Ancients talked more about…

Rank Shift

εὔδοξος

reputable

-8805

κύλινδρος

cylinder

-6569

ἀσύμμετρος

asymmetrical

-5939

δημοκρατία

democracy

-5389

πυραμίς

pyramid

-4714

ναυμαχία

sea battle

-4274

κῶνος

cone

-4205

παραλληλόγραμμος

parallelogram

-3837

παρεμβολή

interpolation; encampment

-3668

ψήφισμα

decree passed by vote

-3194

If the AD texts have more theology, they clearly have a lot less geometry, and a lot less to do with representational systems of government. The drop in εὔδοξος is surprising, given it’s in Plato; I wonder if the change of -δοξ- in compound from “reputations” to “glory” made the adjective confusing for later writers.
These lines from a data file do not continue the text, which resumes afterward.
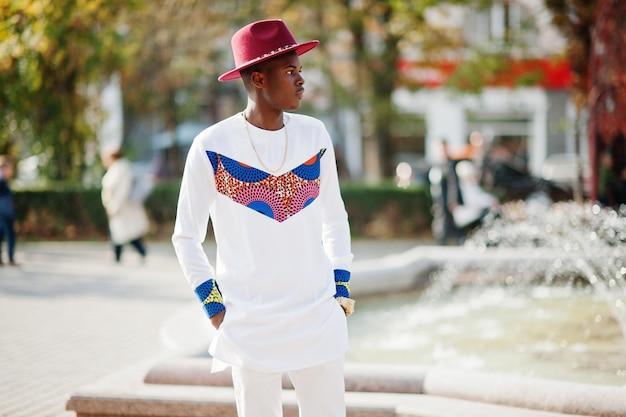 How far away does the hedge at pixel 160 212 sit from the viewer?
17469 mm

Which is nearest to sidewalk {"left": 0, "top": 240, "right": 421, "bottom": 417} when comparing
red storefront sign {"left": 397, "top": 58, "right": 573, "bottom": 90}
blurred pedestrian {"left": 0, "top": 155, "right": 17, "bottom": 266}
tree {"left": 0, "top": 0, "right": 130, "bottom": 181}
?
blurred pedestrian {"left": 0, "top": 155, "right": 17, "bottom": 266}

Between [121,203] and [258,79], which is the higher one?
[258,79]

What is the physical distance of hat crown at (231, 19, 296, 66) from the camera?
10.1 feet

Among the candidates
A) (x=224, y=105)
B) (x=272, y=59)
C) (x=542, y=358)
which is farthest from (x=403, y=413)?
(x=224, y=105)

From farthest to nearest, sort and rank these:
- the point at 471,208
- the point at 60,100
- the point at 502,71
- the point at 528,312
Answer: the point at 60,100
the point at 502,71
the point at 471,208
the point at 528,312

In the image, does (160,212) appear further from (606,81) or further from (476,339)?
(476,339)

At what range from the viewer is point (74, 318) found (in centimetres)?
862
Ancients talked less about…

Rank Shift

ἀποστολικός

apostolic

+214,282

θεοτόκος

God-bearing (Theotokos)

+85,966

βάπτισμα

baptism

+85,945

θεότης

divinity

+59,016

μόδιος

bushel

+58,616

μοναστήριον

monastery

+57,696

σεβάσμιος

reverend

+57,691

αἱρετικός

heretic

+35,602

χάρισμα

(spiritual) gift

+35,588

πατριάρχης

patriarch

+27,001

No surprises again; the only non-religious term is μόδιος “bushel”, both as a vessel and a measure.

These are the biggest shifts in verbs:

Ancients talked more about…

Rank Shift

διαπορεύω

pass across

-5939

βλώσκω

go

-5710

εἰσοράω

look upon

-4134

ἄημι

blow (wind)

-4113

κλύω

hear

-3392

ἐπιζεύγνυμι

join to

-3039

ἀμφισβητέω

doubt

-2436

ἐφάπτω

hang on

-2122

ἱκνέομαι

come

-2088

μεταπέμπω

send for

-1974

Many of the missing verbs are poetic and/or dialectal, and would not have a natural place in Byzantine prose; that includes βλώσκω, εἰσοράω, ἄημι, κλύω, ἱκνέομαι. The surprise here is the vanishing of doubt in the Middle Ages.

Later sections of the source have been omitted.